DATA SEGMENT:
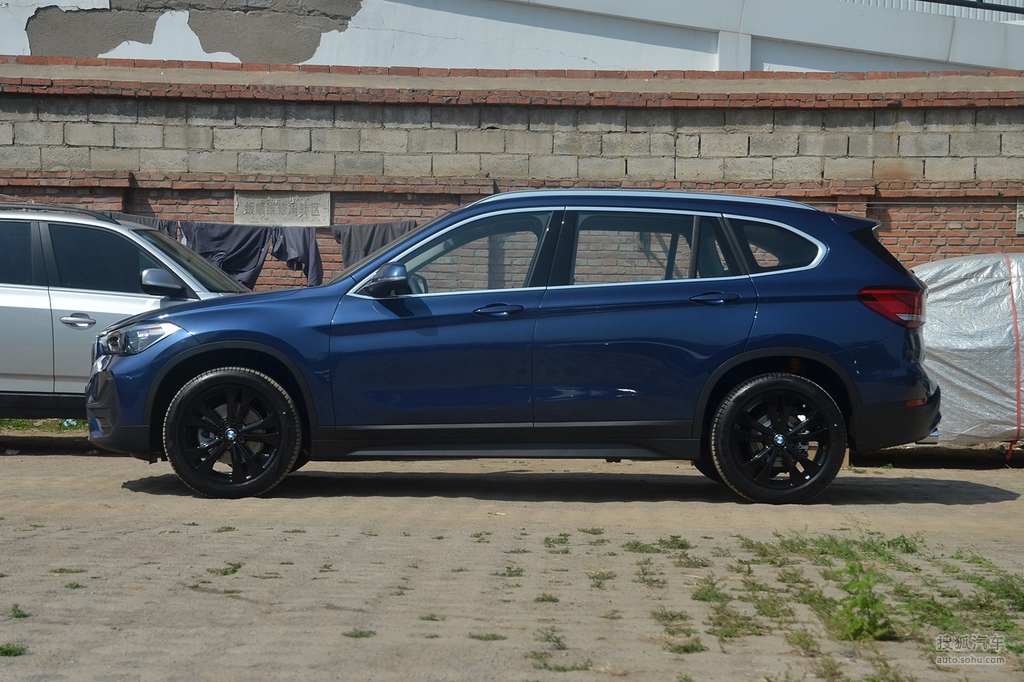 【 宝马x1高清图片】_2021款 改款 sdrive20li 时尚型_量子蓝_外观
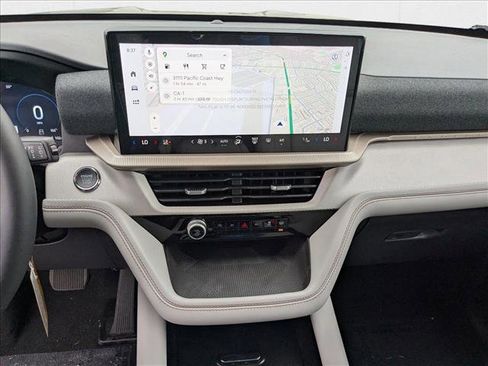 New 2025 Ford Explorer Active w/ Active Comfort Package image 12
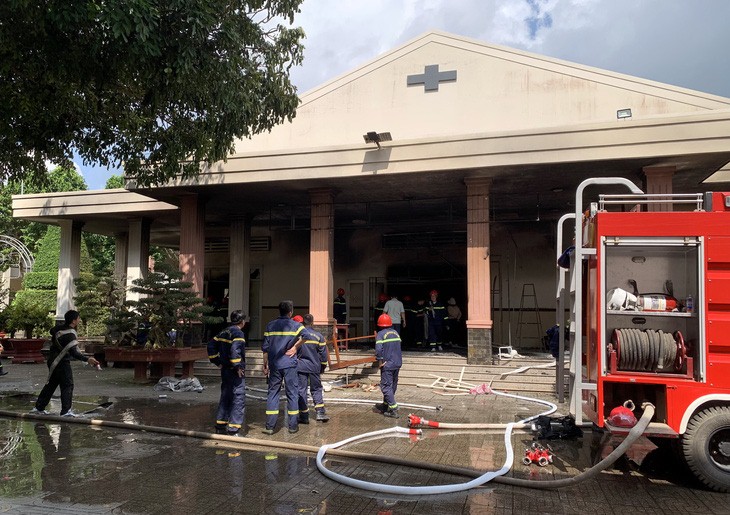 Firefighters extinguish the fire. Photo: Thai Binh / Tuoi Tre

HOW TO COMPLETE THIS TASK: Write out the material above once more, exactly as it reads, with no pictures.

RESULT OF THIS EXERCISE:
 【 宝马x1高清图片】_2021款 改款 sdrive20li 时尚型_量子蓝_外观
 New 2025 Ford Explorer Active w/ Active Comfort Package image 12
 Firefighters extinguish the fire. Photo: Thai Binh / Tuoi Tre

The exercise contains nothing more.